### WORK INSTRUCTIONS
The lines to return are those from the line holding "Cajoneras y Mesitas de Noche" through the last line of the entries below, both included, written exactly and without pictures.

[Caption-style text data]
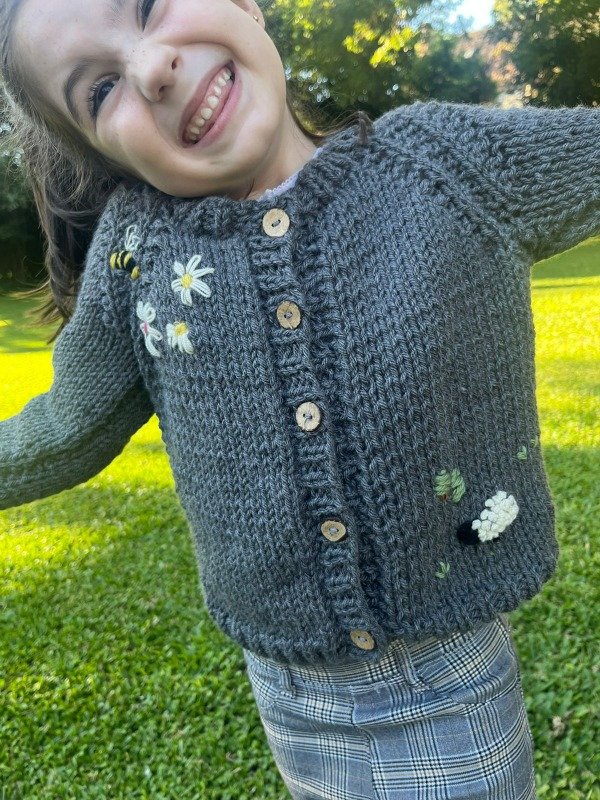 Producto - Cardigan abejita
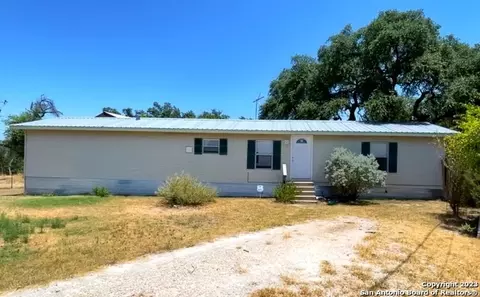 568 Orbit Dr, Canyon Lake, TX 78133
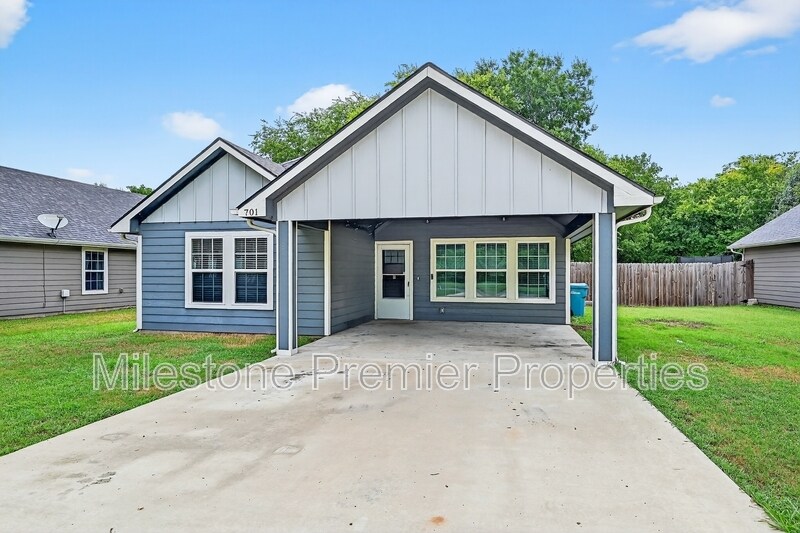 701 S Binkley St in Sherman, TX - Building Photo
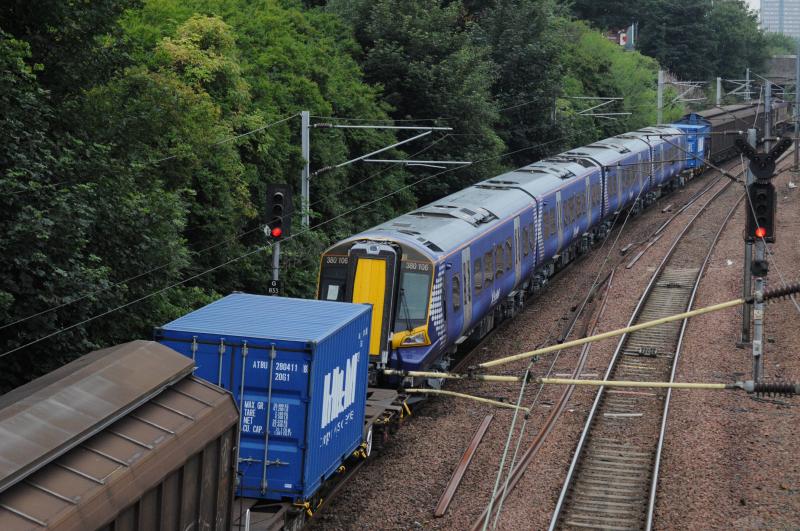 Photo of 380106 Rutherglen Station 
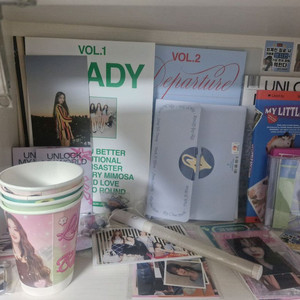 프로미스나인 앨범,비공굿 이미지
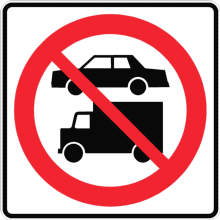 Accès interdit aux automobilistes et aux camions
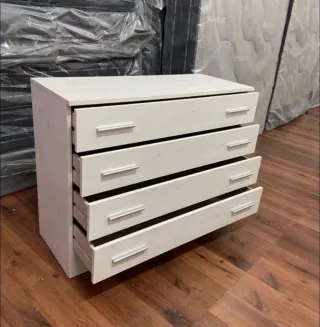 Cajoneras y Mesitas de Noche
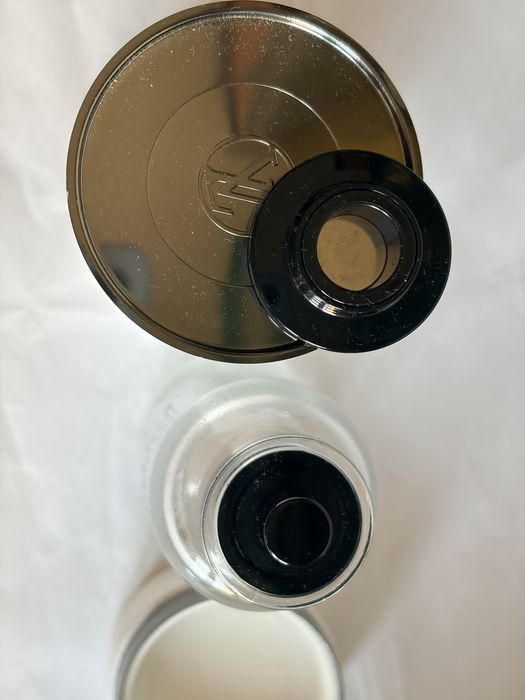 flakon po perfumach Louis Vuitton Imagination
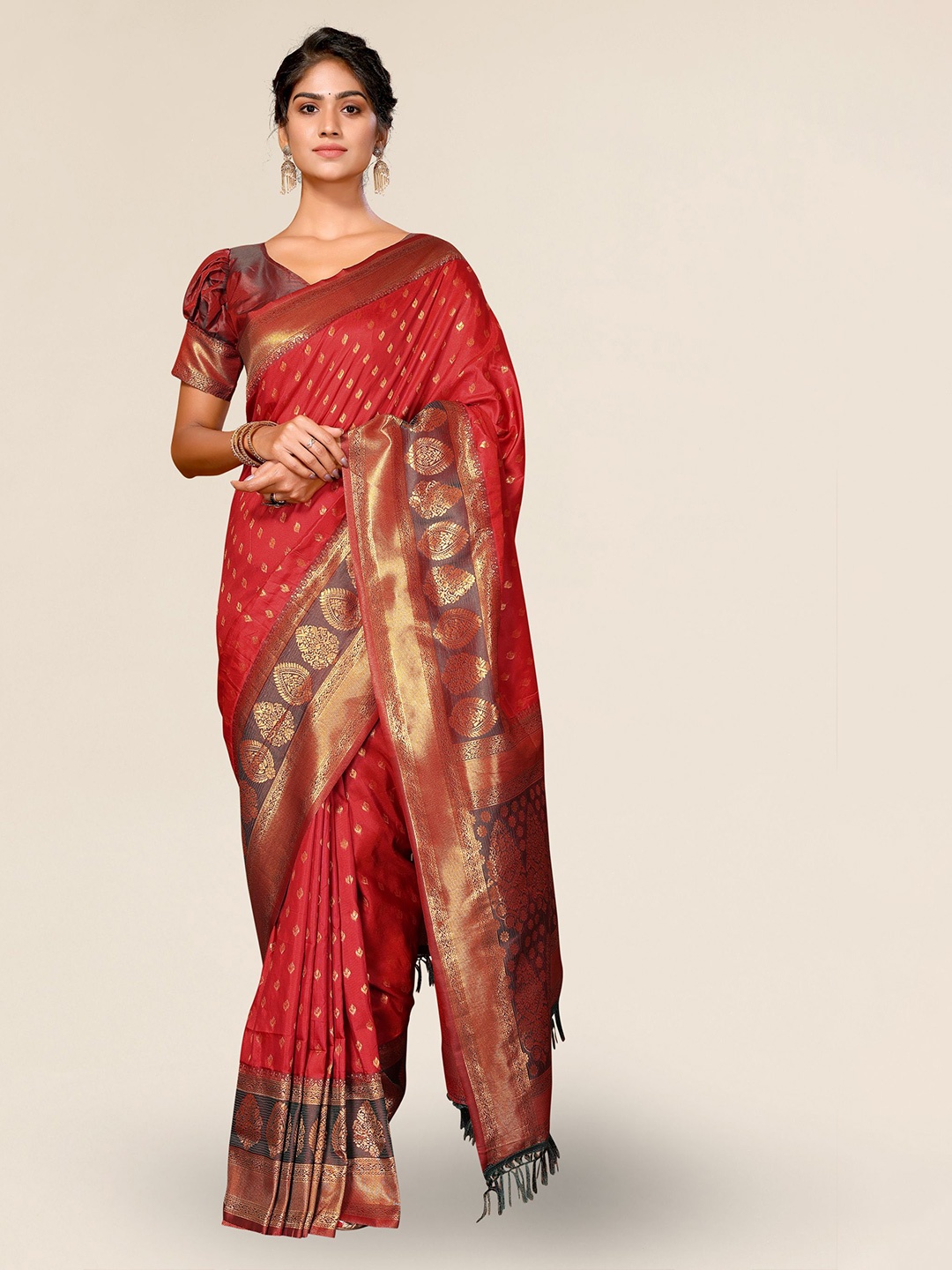 

DIVASTRI Ethnic Motifs Woven Design Zari Banarasi Saree, Maroon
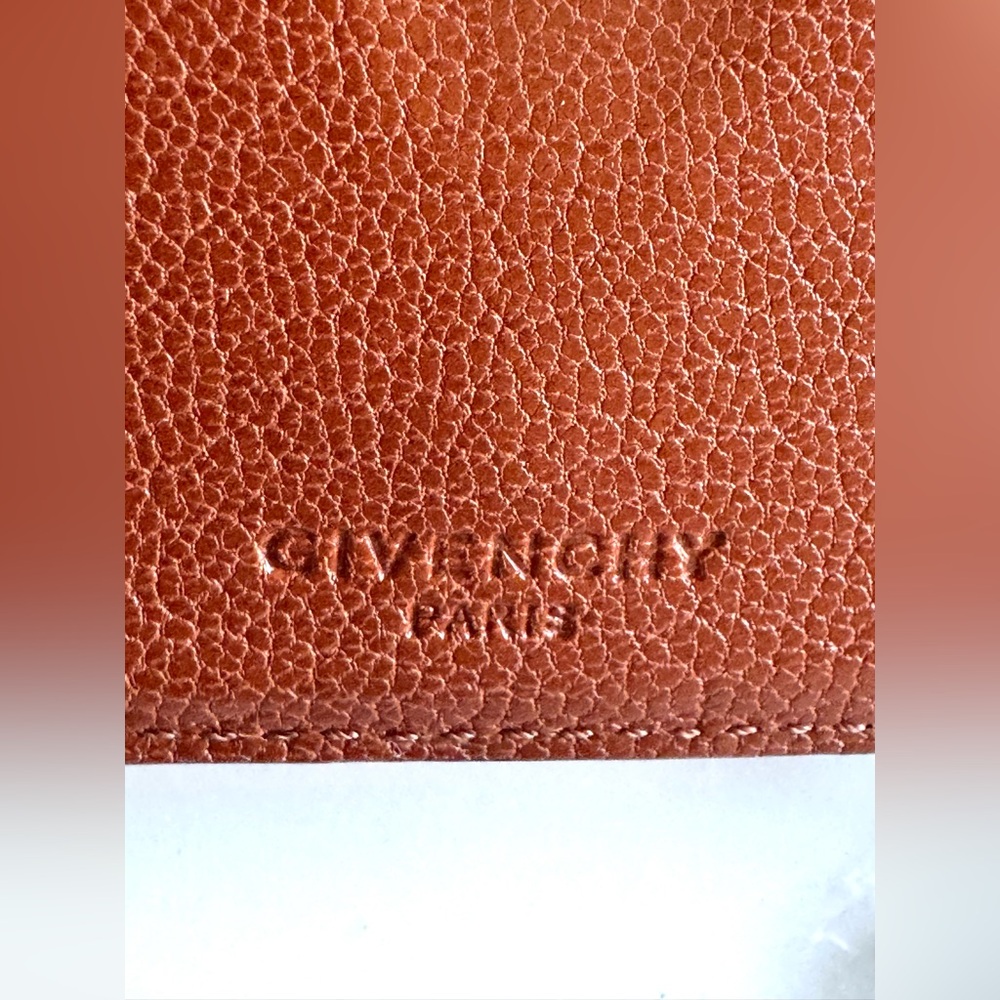 GIVENCHY Vintage 4G Logo Compact Card Holder Wallet Brown/ Cognac - Picture 10 of 10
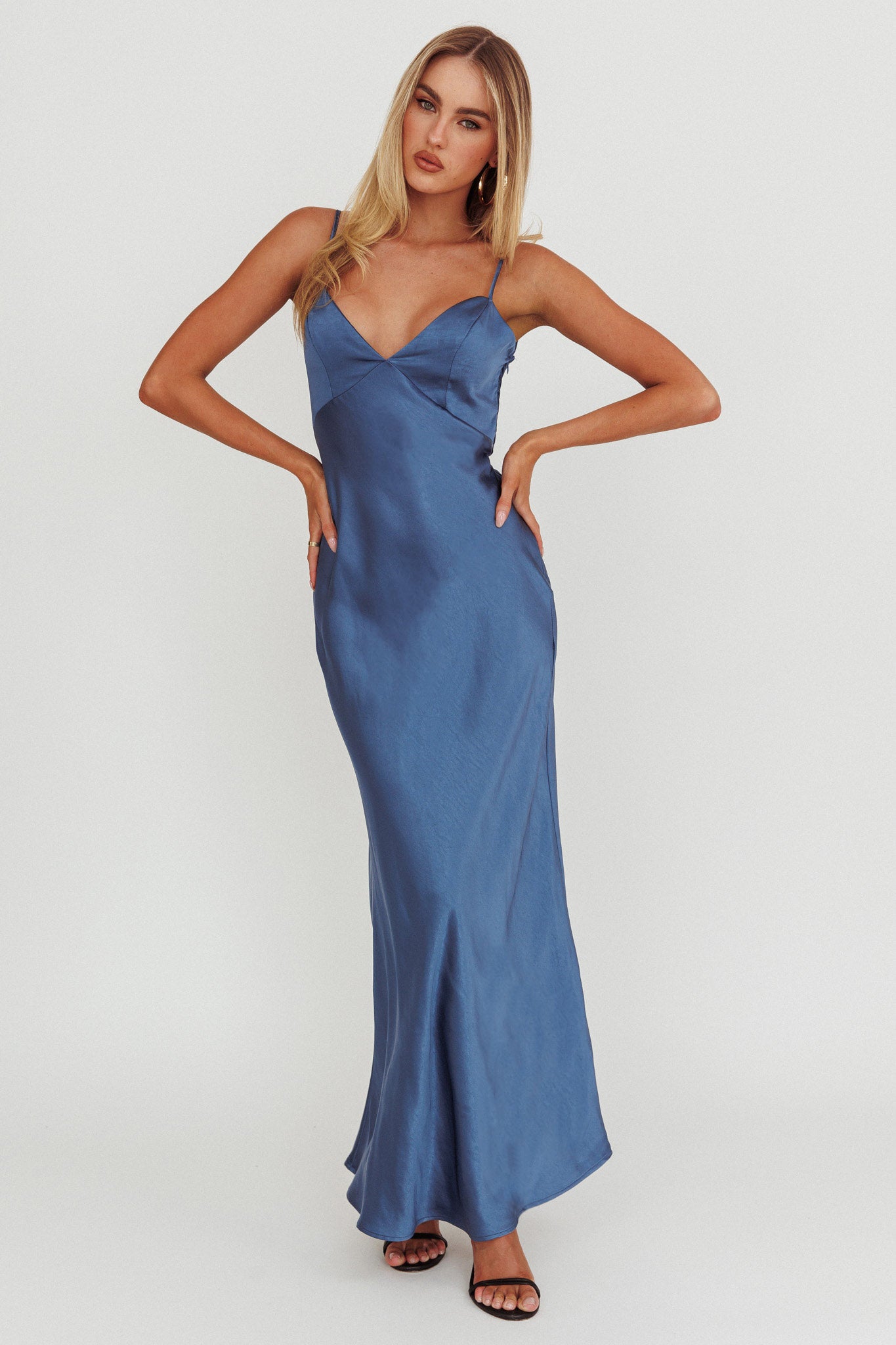 blue satin dress long Royal Spaghetti Straps Mermaid Evening Prom Dresses, C MarryLover May be worn with an adhesive bra Long satin dress with chiffon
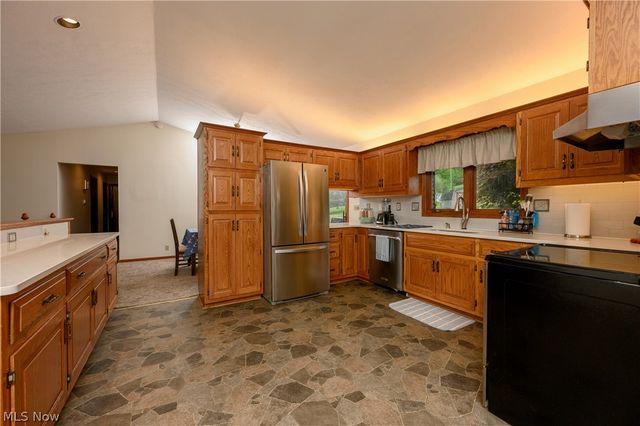 1941 Buckeye Street NE, New Philadelphia, OH 44663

### SOLUTION FOR THIS TASK
 Cajoneras y Mesitas de Noche
 flakon po perfumach Louis Vuitton Imagination

DIVASTRI Ethnic Motifs Woven Design Zari Banarasi Saree, Maroon
 GIVENCHY Vintage 4G Logo Compact Card Holder Wallet Brown/ Cognac - Picture 10 of 10
 blue satin dress long Royal Spaghetti Straps Mermaid Evening Prom Dresses, C MarryLover May be worn with an adhesive bra Long satin dress with chiffon
 1941 Buckeye Street NE, New Philadelphia, OH 44663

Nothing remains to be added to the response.